Filter a polars dataframe by date in rust


Im trying to filter a dataframe by date. But filter it with expressions like this would be really cumbersome for a date like "2019-11-01 10:15:00".

My goal is to do something like the python version:

use polars::export::chrono::NaiveDateTime;
use polars::prelude::*;
fn main() -> Result<(), Box<dyn std::error::Error>> {
    let df = LazyCsvReader::new(path)
        .with_parse_dates(true)
        .has_header(true)
        .finish()?
        .collect()?;

    let dt = NaiveDateTime::parse_from_str("2019-11-01 10:15:00", "%Y-%m-%d %H:%M:%S")?;

    //This will not compile!
    let filtered = df.filter(col("time") < dt); 
}

However I'm having a really hard time to filter the dateframe in-place or just creating a boolean mask.


Solution

  • After more time than I dare to admit I finally solved it by using the eager API, there is probably a better solution in the Lazy-API but this works for now!

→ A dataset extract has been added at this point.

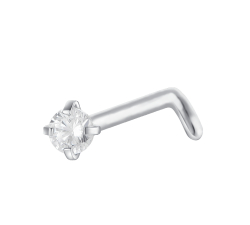 Piercing Donna Luca Barra PR151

    use polars::export::chrono::NaiveDateTime;
    use polars::prelude::*;
    fn main() -> Result<(), Box<dyn std::error::Error>> {
    
        let df = LazyCsvReader::new(path)
            .with_parse_dates(true)
            .has_header(true)
            .finish()?
            .collect()?;
    
    // Set date to filter by
        let dt = NaiveDateTime::parse_from_str("2019-11-01 10:15:00", "%Y-%m-%d %H:%M:%S")?;
    
    // Create boolean mask
        let mask = df["time"]
            .datetime()?
            .as_datetime_iter()
            .map(|x| x.unwrap() < dt)
            .collect();
    
    // New filtered df
        let filtered_df = df.filter(&mask)?;
    }
    
    

    To get a date value from the "time" column and parse it to as a NaiveDateTime:

    fn main() -> Result<(), Box<dyn std::error::Error>> {
    
        // Lets take the last date from a series of datetime[µs]
        let date: Vec<Option<NaiveDateTime>> = df["time"]
            .tail(Some(1))
            .datetime()?
            .as_datetime_iter()
            .collect();
    
        // Create new NaiveDateTime, can be used as filter/condition in map-function
        let dt2 = NaiveDateTime::parse_from_str(&date[0].unwrap().to_string(), "%Y-%m-%d %H:%M:%S")?;
    }